Greece is sliding down a slippery slope. The country, which teetered on the brink of bankruptcy before in 2010 before European bankers bailed them out, is now on shaky economic ground again. Five years ago, the banks required the Greeks to take “austerity” measures, namely inflicting government spending cuts.
When the country joined the Euro in 2001, it eliminated the ability for the country to adjust its currency.
It has 11 million people and an economy about the size of Connecticut’s, as Katie Couric reported for Yahoo Finance.
The Greek government has reversed its opposition of a new round of austerity measures that include sales tax hikes and cuts in state spending for pensions. By doing so, Athens conceded to demands of its European creditors in return for a $59 billion bailout package. This helps avoid a collapse of the economy in Greece and should stabilize market volatility across the globe. The problem is that the estimated amount required to bail out the Greeks has risen to $96 billion, and the figure may be hard for the European bankers to swallow.

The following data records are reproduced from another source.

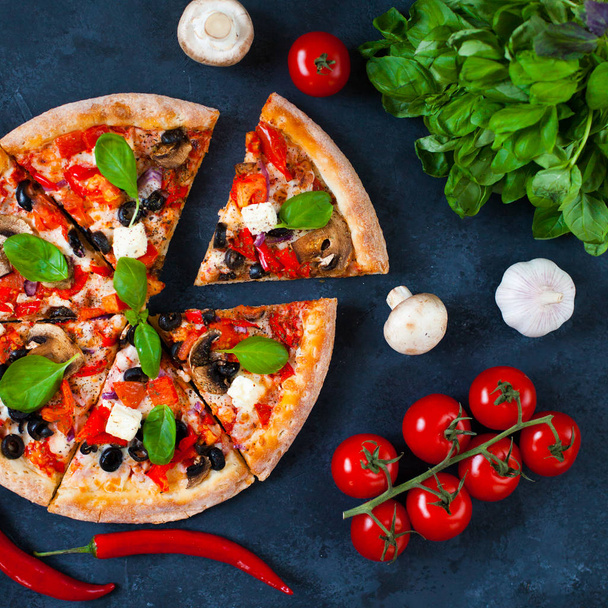 Homemade pizza with tomatoes, mozzarella and basil. Top view wit - Foto, Bild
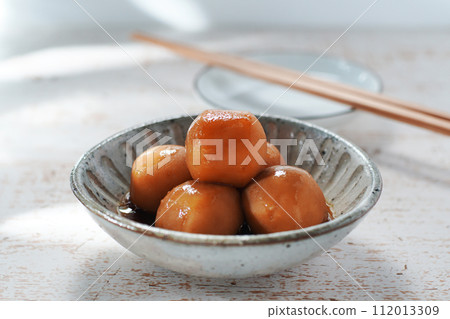 Boiled taro 112013309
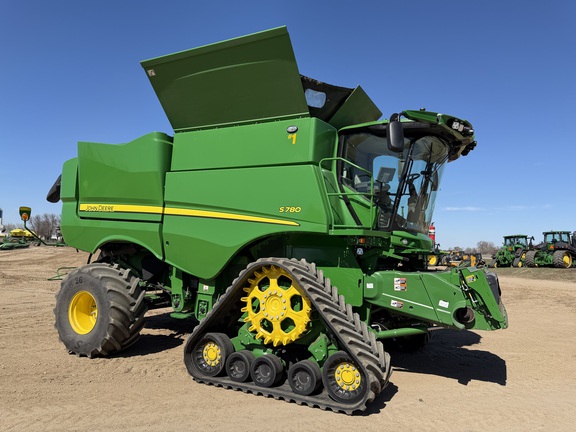  John Deere S780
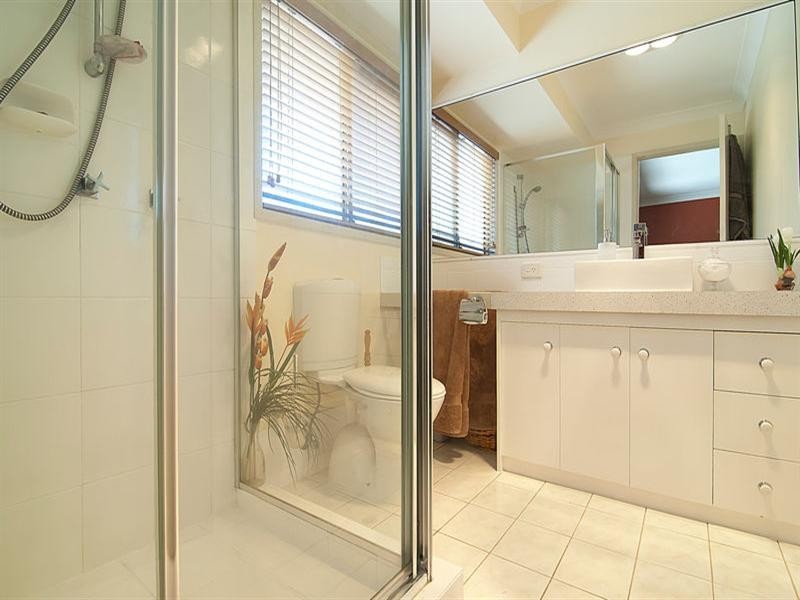 24 Poinsettia Crescent, Calamvale QLD 4116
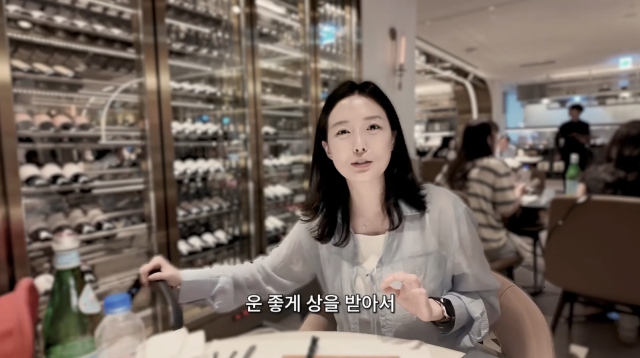 방송인 오상진, 김소영 부부가 딸 수아의 수학 최우수상 수상을 기념해 가족 호캉스를 즐겼다. / 유튜브 채널 '김소영의 띵그리TV'
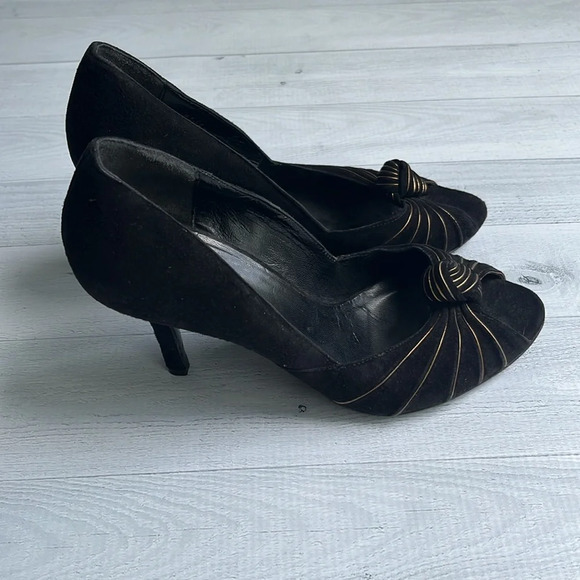 Gucci Vintage Black Suede Knotted Gold Lined Peep Toe Pumps Size 7 - Picture 1 of 8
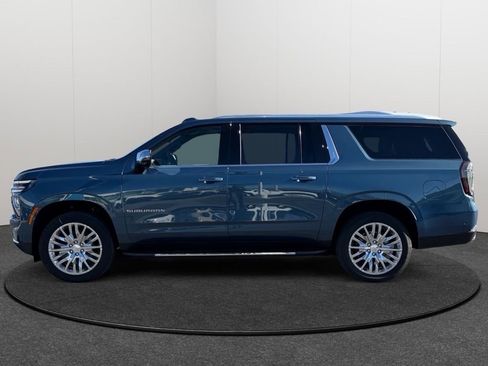 New 2025 Chevrolet Suburban Premier image 2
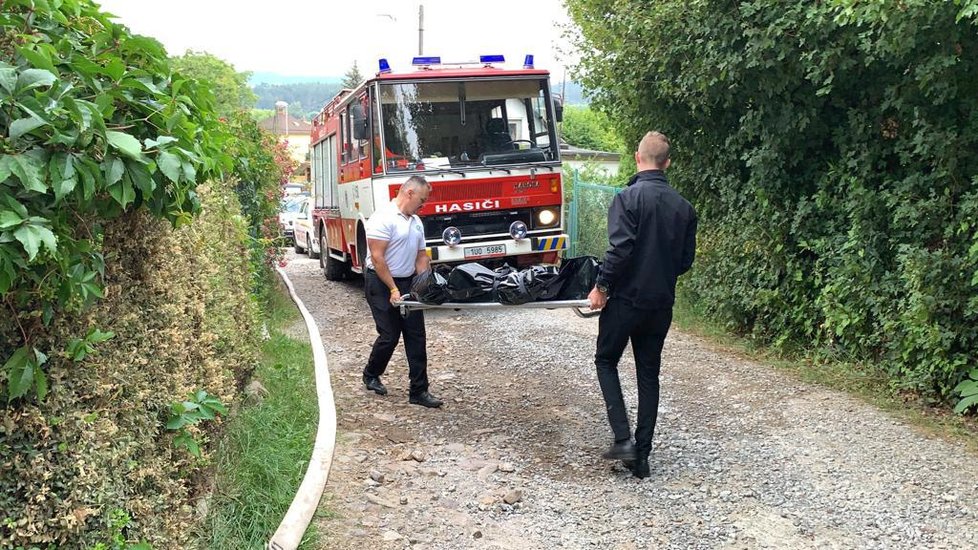 Kriminálka a hasiči na místě neštěstí v Letech. Shořela tu zahradní chata. Jeden člověk zemřel, druhý byl těžce popálen.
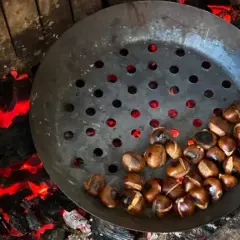 Châtaignes grillées au feu de bois : Le secret d'une cuisson parfaite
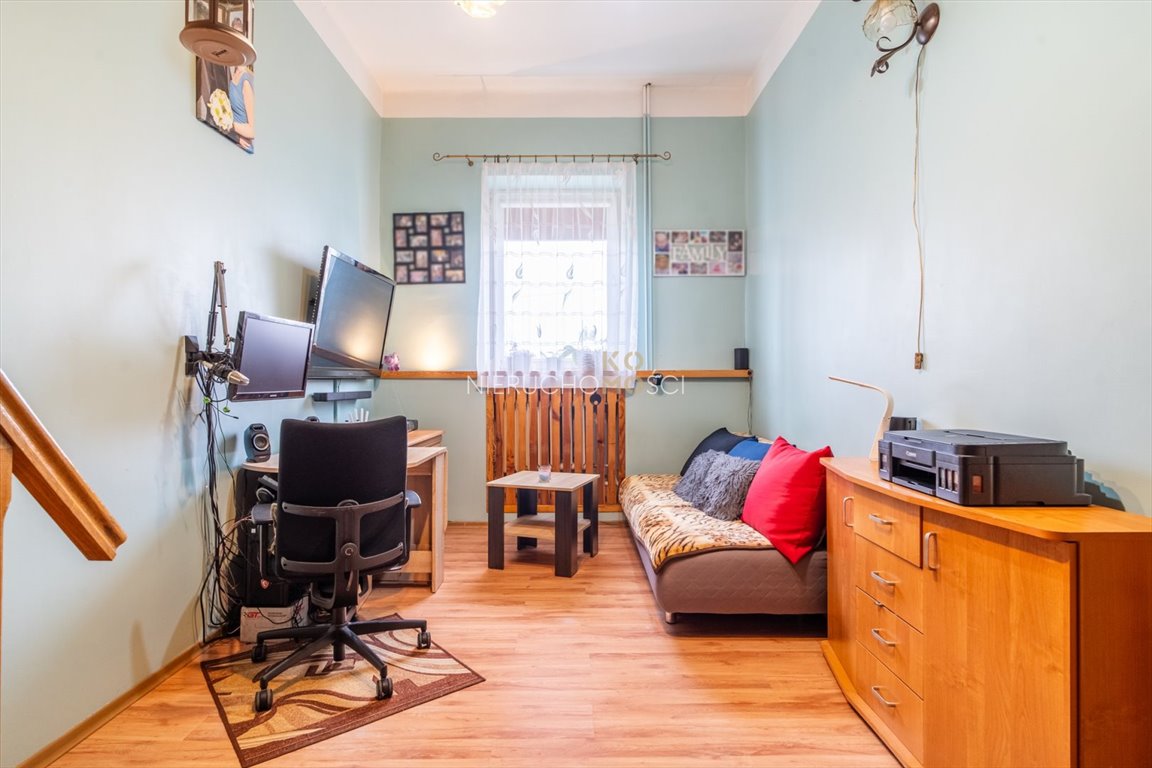 Mieszkanie dwupokojowe na sprzedaż Jelcz-Laskowice  43m2 Foto 1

Avoiding a meltdown of the Greek economy is important in the long run for small business owners in the U.S., despite the fact that Greece is half a world away. The 21st century economy is interconnected as never before. Thus, when markets are shaky, lenders become increasingly more risk averse, which in turn, makes it more difficult for entrepreneurs to secure the capital they need for growth.
Greece is not the only country with economic woes; Italy, Portugal and Ireland.